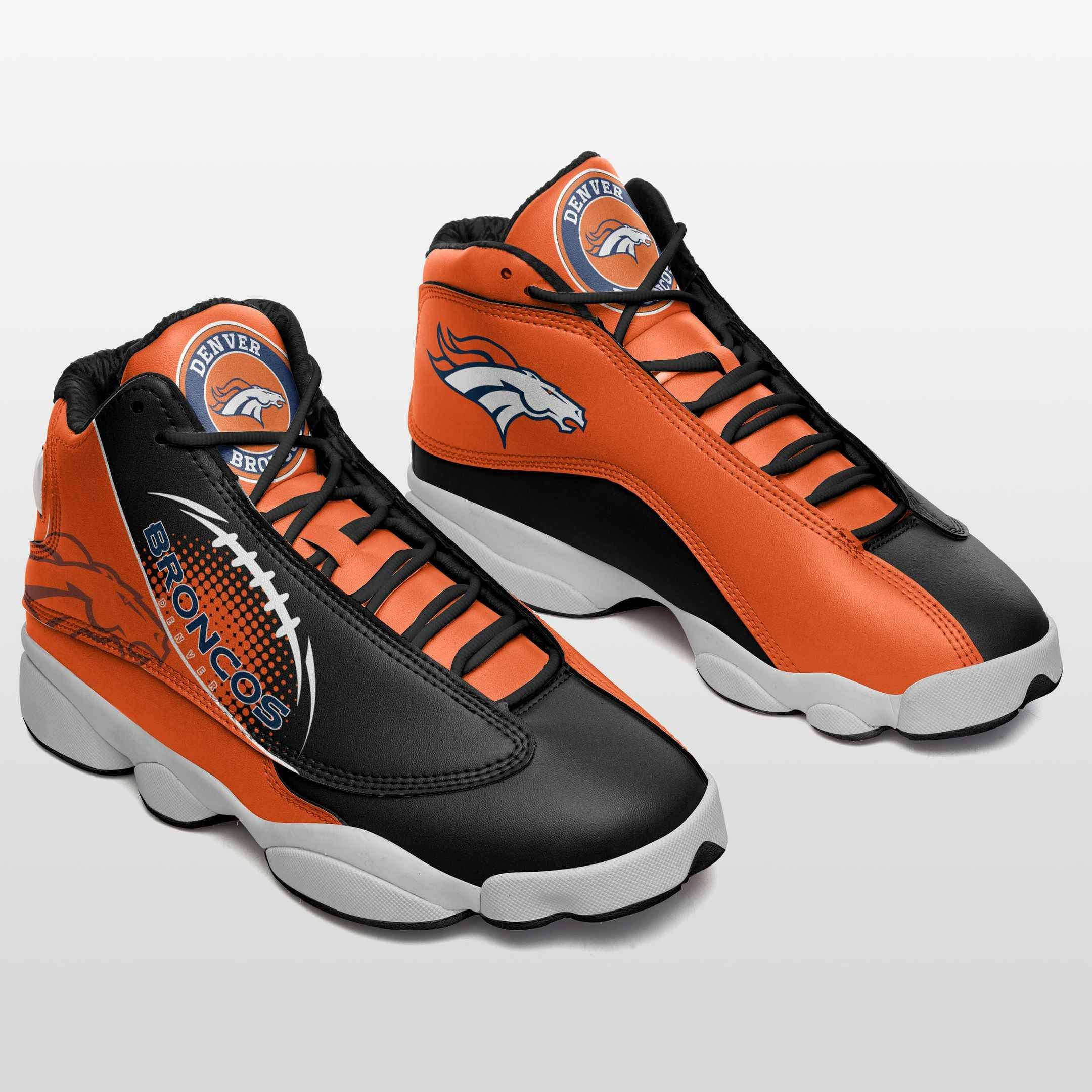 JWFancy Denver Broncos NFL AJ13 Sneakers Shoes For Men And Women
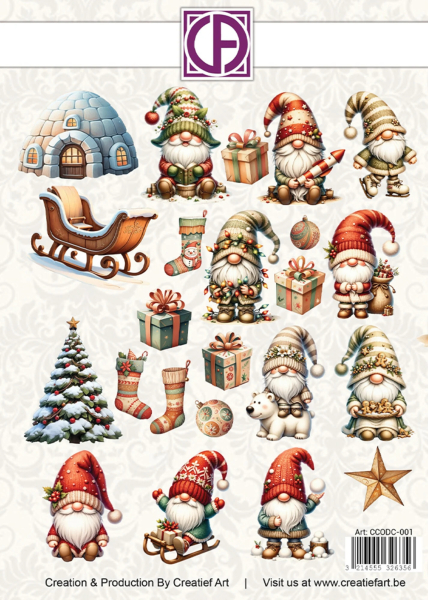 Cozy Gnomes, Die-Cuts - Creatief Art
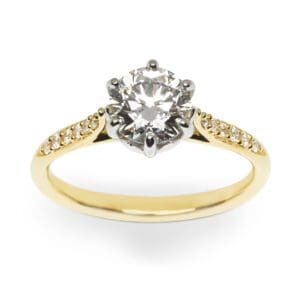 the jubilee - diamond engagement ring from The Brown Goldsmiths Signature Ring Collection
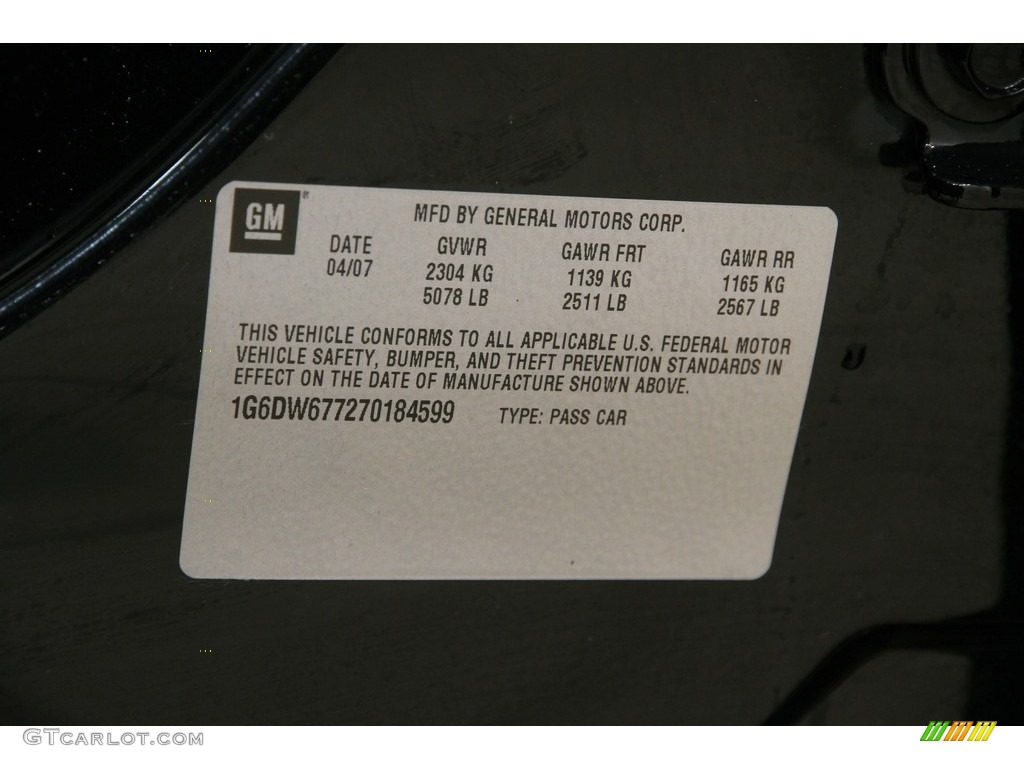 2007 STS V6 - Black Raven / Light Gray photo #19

TO DO ▸
Set down the material word for word, and drop every picture from it.

SOLUTION TO THIS PROBLEM ▸
 JWFancy Denver Broncos NFL AJ13 Sneakers Shoes For Men And Women
 Cozy Gnomes, Die-Cuts - Creatief Art
 the jubilee - diamond engagement ring from The Brown Goldsmiths Signature Ring Collection
 2007 STS V6 - Black Raven / Light Gray photo #19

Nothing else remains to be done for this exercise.